Activate Rights is a non-profit initiative on protecting digital rights in Bangladesh.
The study, titled “Faith, Fear, and Falsehoods: Mapping Communal Misinformation and Hate in Bangladesh’s 2026 Election”, analysed data from December 11, 2025, to February 16, 2026 and concluded that coordinated narrative manipulation functioned as a structural feature of the February 12 election.
The polls saw a disturbing rise in the use of generative AI to target female candidates, found the report. “Women candidates experienced disproportionate levels of online abuse despite constituting only four percent of contestants, with seven ultimately elected,” said the report.
Dhaka-9 candidate Tasnim Jara and Brahmanbaria-2 candidate Rumeen Farhana, who won the seat, were among the victims of AI-generated explicit images.
AI was also used to spread misinformation. AI-generated minority characters were shown claiming they are in danger, or asserting that if people don’t vote for Jamaat, they will be sent to India, found the report.
The report stated that alongside communal misinformation, election-time discourse from hardline Islamist accounts on social media sought to delegitimise democratic participation by claiming democracy and voting are fundamentally incompatible with Islam and thus religiously forbidden.

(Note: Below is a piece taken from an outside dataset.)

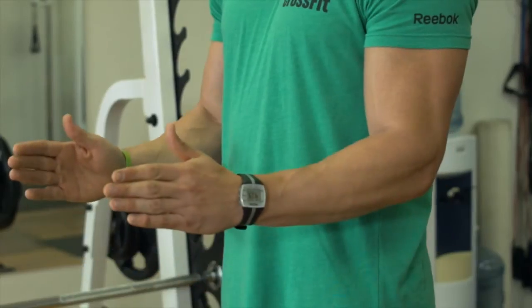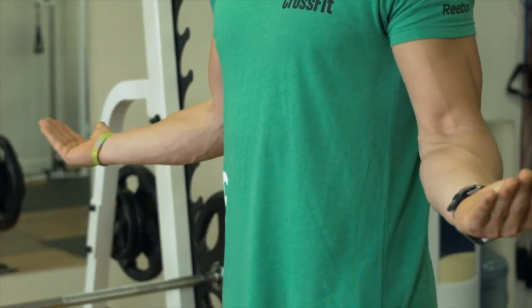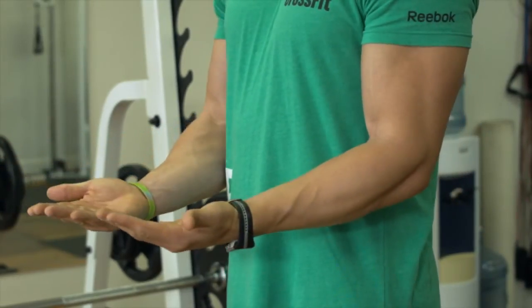A great stretch you guys can do to really open that up is pretty simple. You simply stand in a vertical upright position with your shoulder blades back and down. With your hands at your sides about 90 degrees, you're simply going to point your thumbs out and rotate as far as you feel comfortable, or whatever your range of motion is.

The report also reveals that the Awami League’s exclusion from the election, following ban on its political activities, prompted a coordinated social media boycott using the hashtag #NoBoatNoVote. But it went beyond a symbolic boycott, moving toward explicit obstruction. For instance, a post directly encouraged supporters to resist the vote, and a TikTok video featured lyrics that promoted physical aggression against ballot boxes.
In addition, election discourse featured systematic hate speech against political parties and candidates. Jamaat-e-Islami and allies were labelled “extremists” with derogatory content circulating after a party leader’s social media account was reportedly hacked. BNP figures were widely called “extortionists”, with posts claiming “70 percent” were criminals.
Another tactic involved circulating selectively edited video clips of political figures.
These non-deepfake excerpts removed context, leading to captions accusing speakers of blasphemy or anti-Islamic sentiment. Comments frequently used labels such as “atheist”, “kafir”, or “apostate”, showing how contextual distortion quickly generates hate-driven engagement.
The report highlights a significant cross-border dynamic, noting that many narratives originating in India portrayed Bangladesh as a hotbed of extremism and systemic minority persecution.
These narratives often utilised recycled or miscontextualised footage — such as reframing a food stall dispute in Chattogram as an attack on Muslim girls for not wearing hijab, which was later found not related to religion and hijab.
Not only on Facebook, X accounts in India claimed “Islamists” were forcibly cutting students’ hair for wearing western outfits. The footage actually depicted a symbolic protest in Mymensingh against a specific individual’s haircut and had no religious or extremist motivation.